**Exercise:**
Only the lines below from the one containing "Thumbnail: 2023 Hyundai Elantra - 18" through the one containing "Nanoleaf Essentials Matter" belong in the answer, set down exactly, with the pictures left out.

**Given entries:**
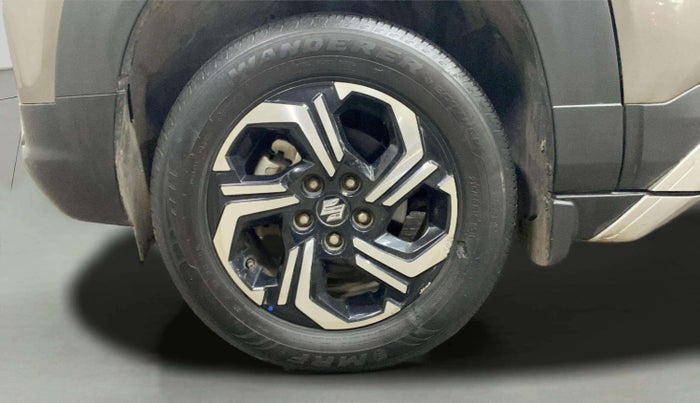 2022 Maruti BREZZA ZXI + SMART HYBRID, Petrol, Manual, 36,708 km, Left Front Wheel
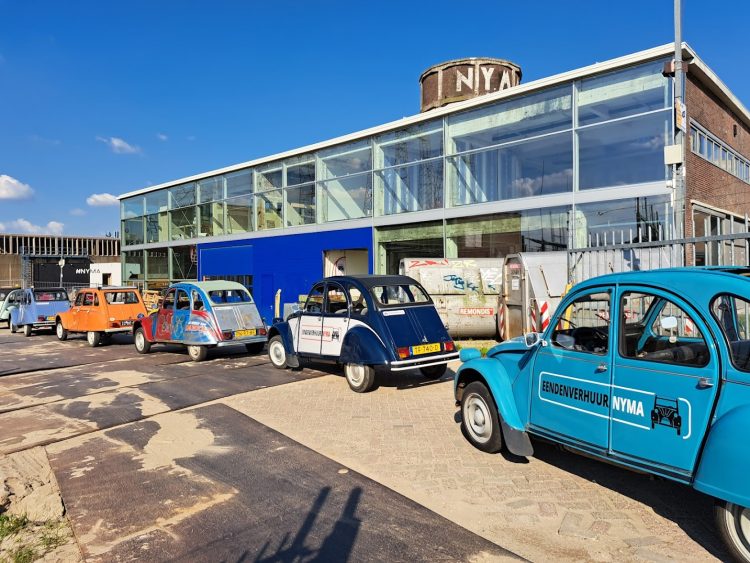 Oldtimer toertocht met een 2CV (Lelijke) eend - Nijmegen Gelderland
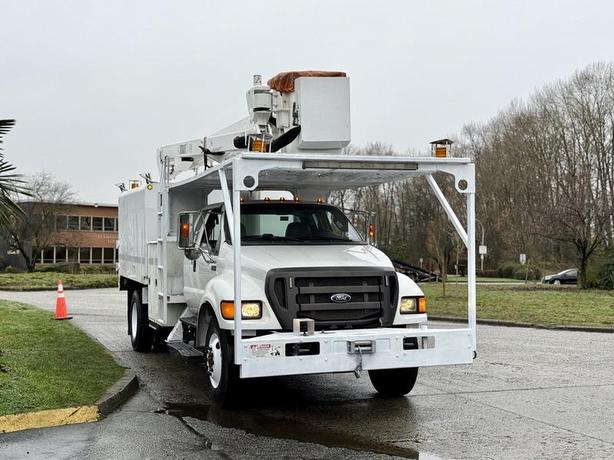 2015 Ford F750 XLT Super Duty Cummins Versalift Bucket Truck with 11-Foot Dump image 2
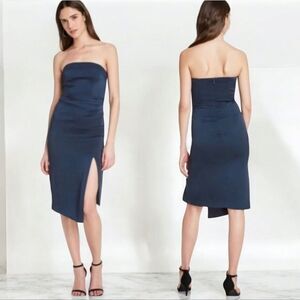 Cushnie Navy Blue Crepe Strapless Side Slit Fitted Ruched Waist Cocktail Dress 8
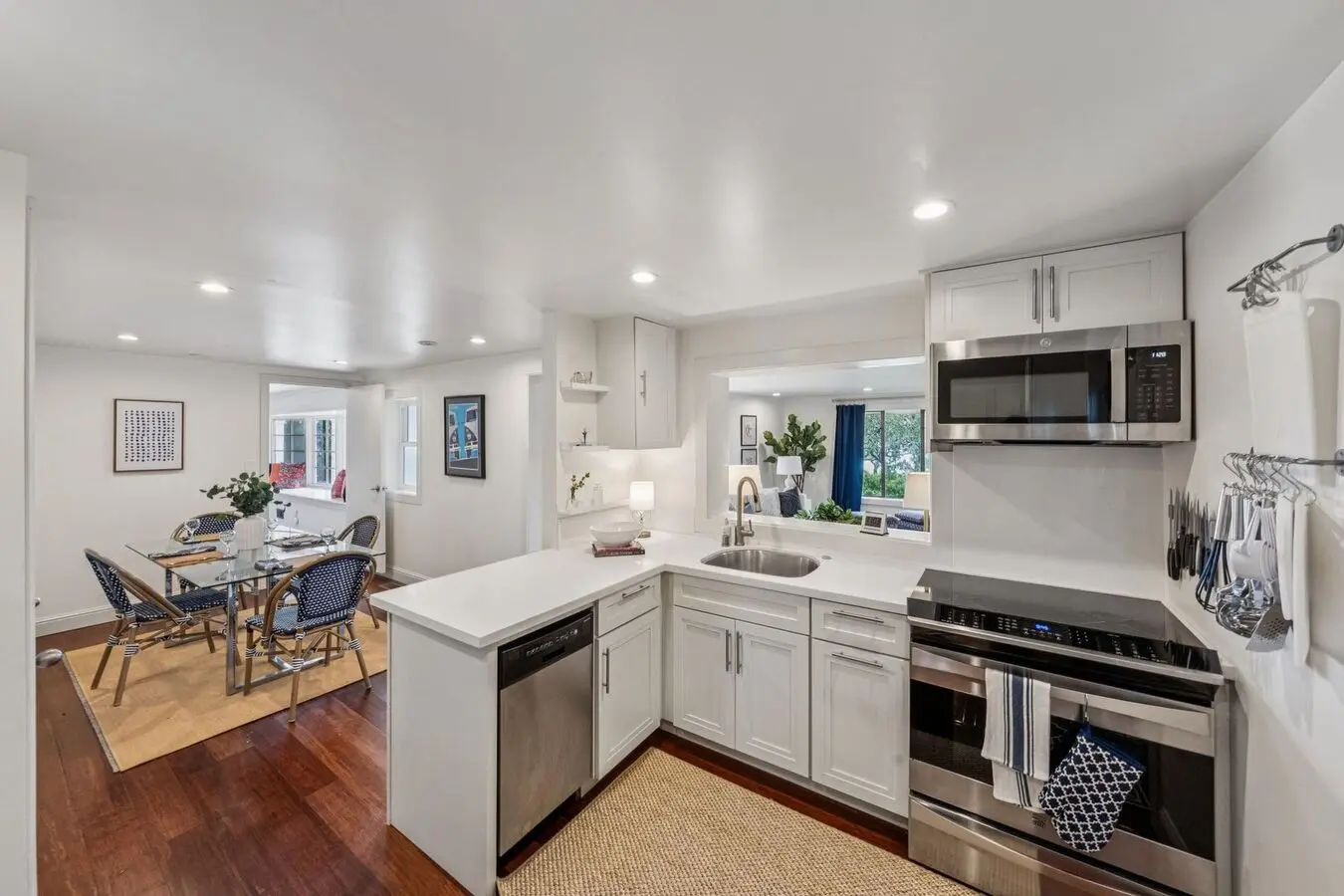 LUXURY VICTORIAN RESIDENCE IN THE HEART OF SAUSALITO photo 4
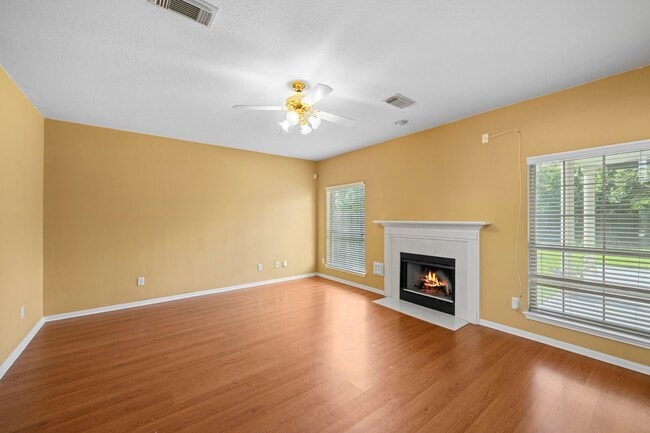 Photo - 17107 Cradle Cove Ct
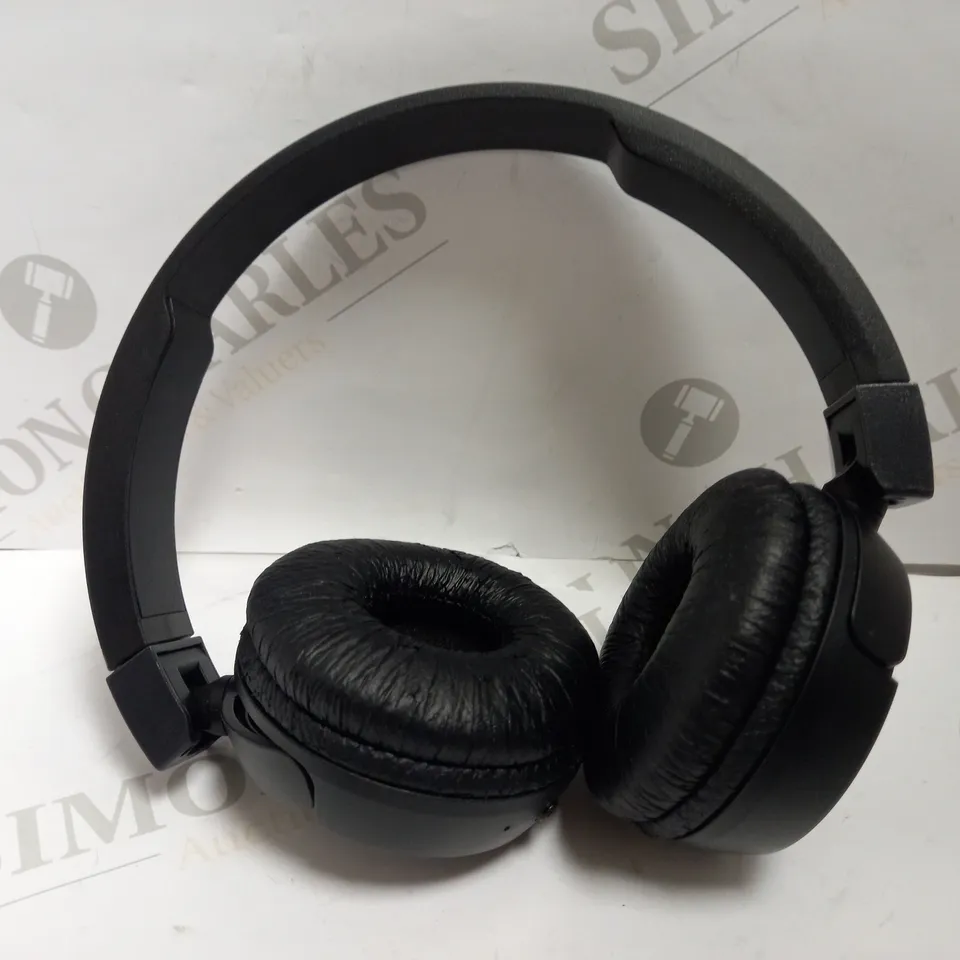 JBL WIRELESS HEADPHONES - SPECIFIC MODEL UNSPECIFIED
--
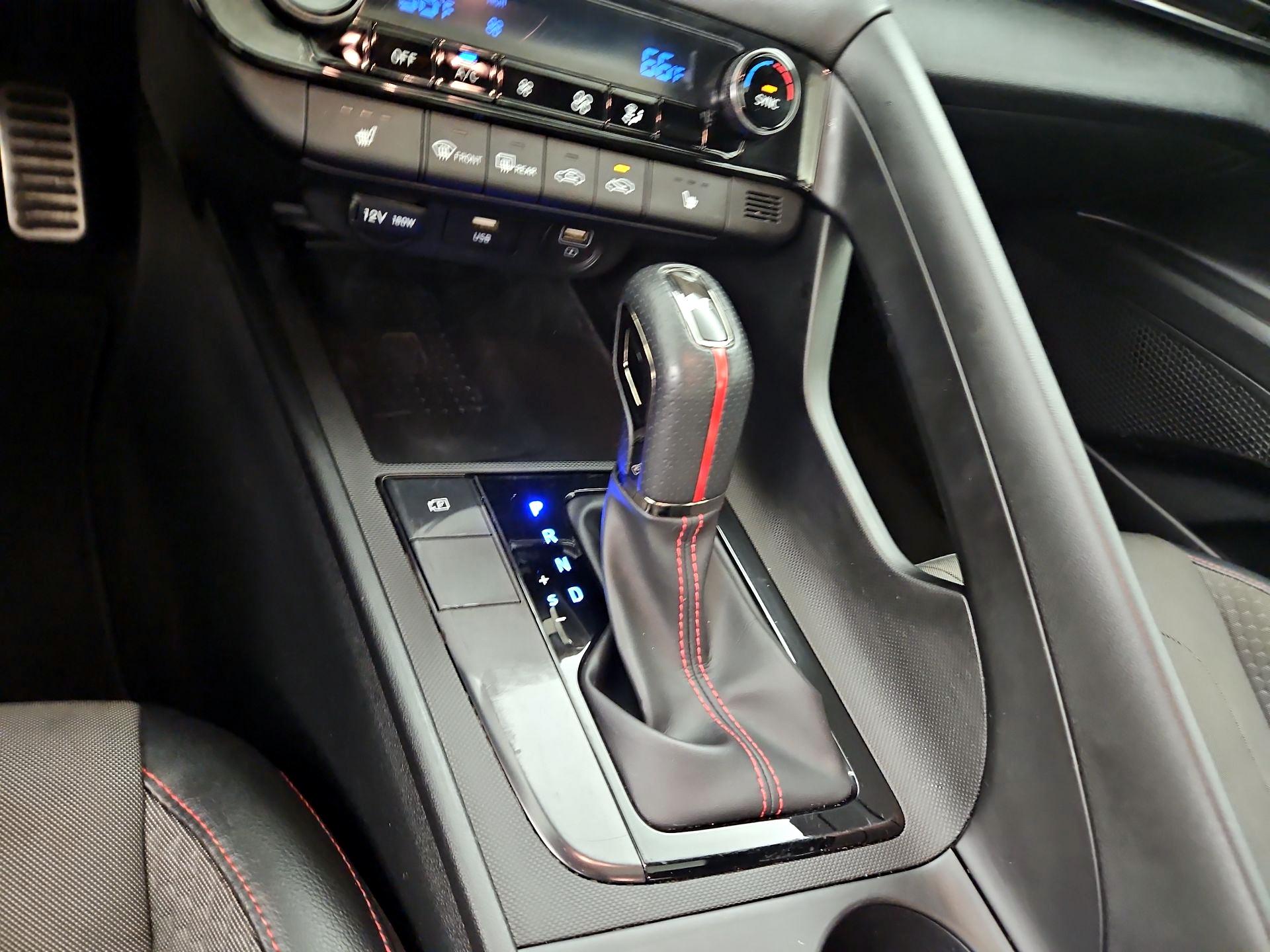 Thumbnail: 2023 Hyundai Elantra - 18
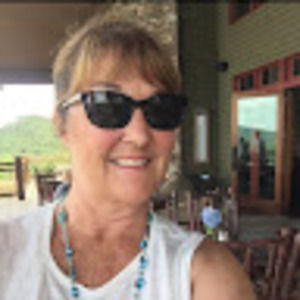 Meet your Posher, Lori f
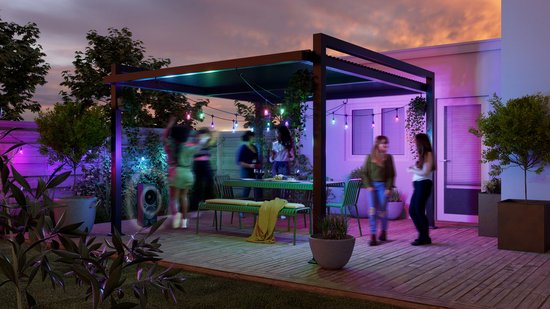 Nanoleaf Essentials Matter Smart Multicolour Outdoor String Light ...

**Solved problem:**
 Thumbnail: 2023 Hyundai Elantra - 18
 Meet your Posher, Lori f
 Nanoleaf Essentials Matter Smart Multicolour Outdoor String Light ...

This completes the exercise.